3.8k Views Asked by At

I am training a model with pytorch, where I need to calculate the degree of dependence between two tensors (let's say they are the two tensors each containing values very close to zero or one, e.g. v1 = [0.999, 0.998, 0.001, 0.98] and v2 = [0.97, 0.01, 0.997, 0.999]) as a part of my loss function. I am trying to calculate mutual information, but I can't find any mutual information estimation implementation in PyTorch. Has such a thing been provided anywhere?

3

There are 3 best solutions below

2
Umang Gupta On

Mutual information is defined for distribution and not individual points. So, I will write the next part assuming v1 and v2 are samples from a distribution, p. I will also take that you have n samples from p, n>1.

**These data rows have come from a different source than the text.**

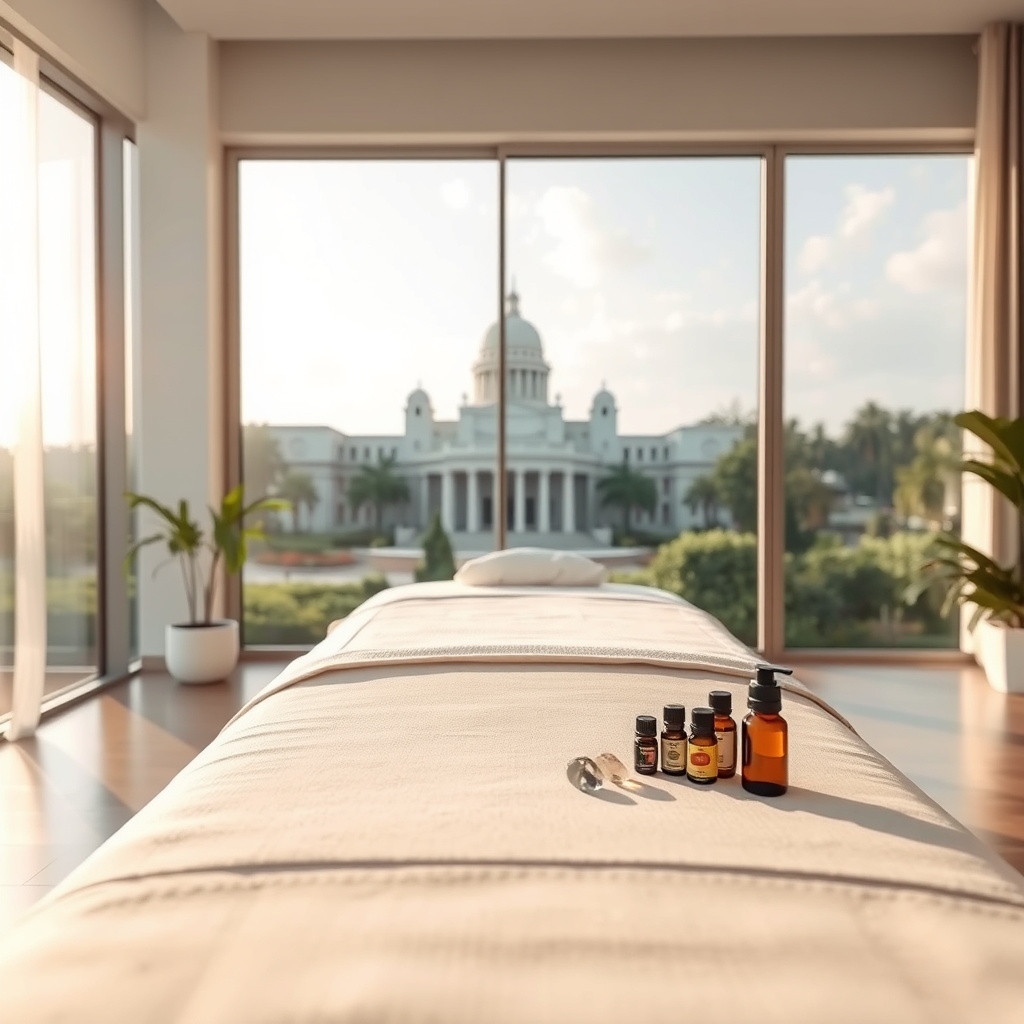 Leia mais sobre o artigo Descubra o Poder do Reiki em Brasília para Seu Bem-Estar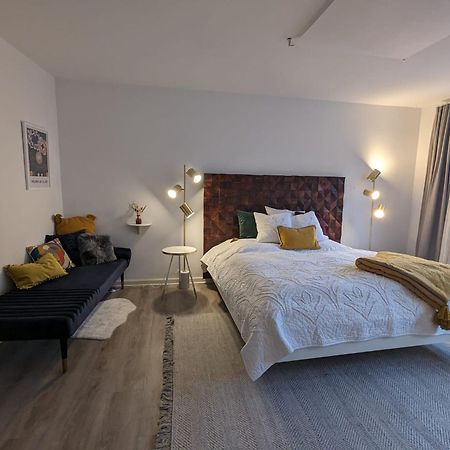 Schlosssteiger Marburg Bagian luar foto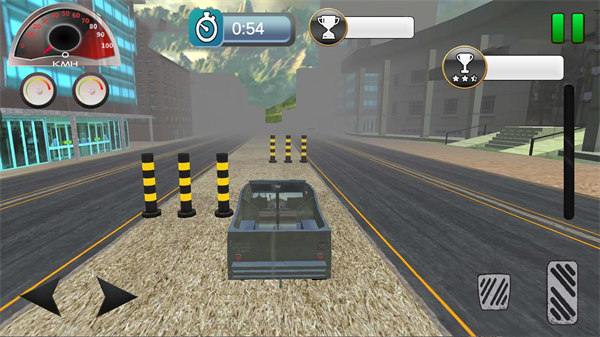 越野車狂飆突進(jìn) v1.0 2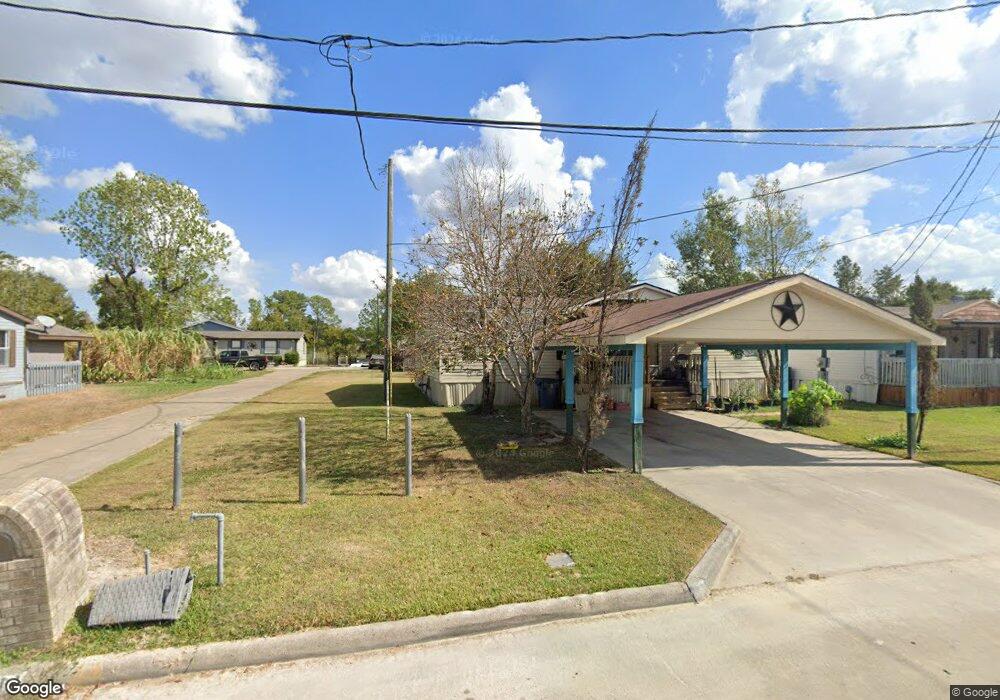 6130 Long Leaf Dr, Houston, TX 77088 - photo 1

You want a method to estimate mutual information from samples. There are many ways to do this. One of the simplest ways to do this would be to use a non-parametric estimator like NPEET (https://github.com/gregversteeg/NPEET). It works with numpy (you can convert from torch to numpy for this). There are more involved parametric models for which you may be able to find implementation in pytorch (See https://arxiv.org/abs/1905.06922).

If you only have two vectors and want to compute a similarity measure, a dot product similarity would be more suitable than mutual information as there is no distribution.

0
cut936 On

It is not provided in the official Pytorch code, but here is a pytorch implementation that uses kernel density estimation for the histogram approximation. Note that this method is fully-differentiable.

Alternatively, you can also use the differentiable histogram functions in Kornia to compute the MI metric yourself if you want more control for whatever reason.

0
Hello Worlds On

Torchmetrics has MutualInfoScore.

Example from their docs:

>>> import torch
>>> from torchmetrics.clustering import MutualInfoScore
>>> preds = torch.tensor([2, 1, 0, 1, 0])
>>> target = torch.tensor([0, 2, 1, 1, 0])
>>> mi_score = MutualInfoScore()
>>> mi_score(preds, target)
tensor(0.5004)

Functional:

>>> from torchmetrics.functional.clustering import mutual_info_score
>>> target = torch.tensor([0, 3, 2, 2, 1])
>>> preds = torch.tensor([1, 3, 2, 0, 1])
>>> mutual_info_score(preds, target)
tensor(1.0549)